I'm talking "Surreal Life", "Joe Schmo", and "Breaking Bonaduce".
For blog purposes, we'll be discussing "Breaking Bonaduce".
This show lasted two seasons and miraculously resulted in nobody's death. (That we know of)
It followed around childhood star Danny Bonaduce, of The Partridge Family fame in his roller coaster relationship, career struggles, and drug and alcohol abuse.
It was an absolute tornado meets trainwreck of trash tv.
I have a really strange mind and for some reason this has occupied space in my brain for 15 years.
One episode that's always stuck out with me, was this one in reference.
Even more so now that your boy Doggface208 is all over the place blowing up.
He's even catching a free truck in exchange for all the pub from Ocean Spray.
Like Coley said, "feel-good story" of the year.
But, no offense to Doggface208 here, and I'm sorry, but Danny Bonaduce had the best cranberry skateboarding video of all time.
Let me put it in context for you.
(Again, this show aired pre-on demand era so finding it anywhere online was impossible. Somehow this podcast has every episode uploaded to a google drive. So here's the link)
(The fireworks start at the 12 minute mark).
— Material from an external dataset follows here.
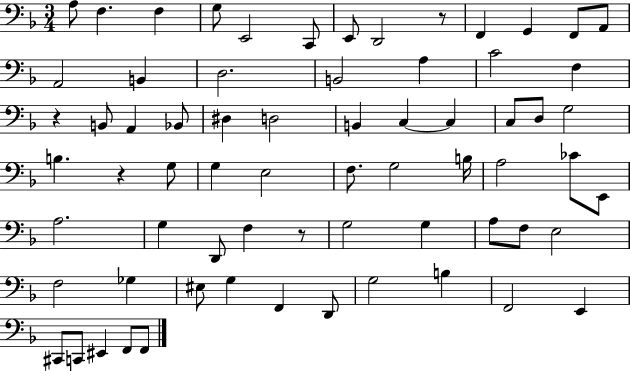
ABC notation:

We have Danny lamenting his wife partaking in a bachelorette party and a male stripper giving her a lap dance.
Major no-no in Danny's book.
"If she's gonna have some guy gyrating his dick in her face then I'm just gonna go on a bender"
Which prompts Danny to go completely off the deep end.
He grabs his motorized longboard (again, this is 2005 so kind of impressive flex)
and proceeds to ride right down the street and into the middle of an intersection with incoming traffic.
Shirt off, he heads into a package store and comes out with an Ocean Spray bottle and a fifth of some cheap vodka.
This is the work of a master. A true artist.
To cut right to the chase he then takes it down in one continuous sip.
Then goes on a 4 day (?) ripper where he's out accosting female bartenders, slamming martini's, and injecting steroids in his ass.
So again, Doggface, I'm happy for you, and there are some eery similarities here, (minus the Fleetwood backing track), but either way Danny Bonaduce did it first.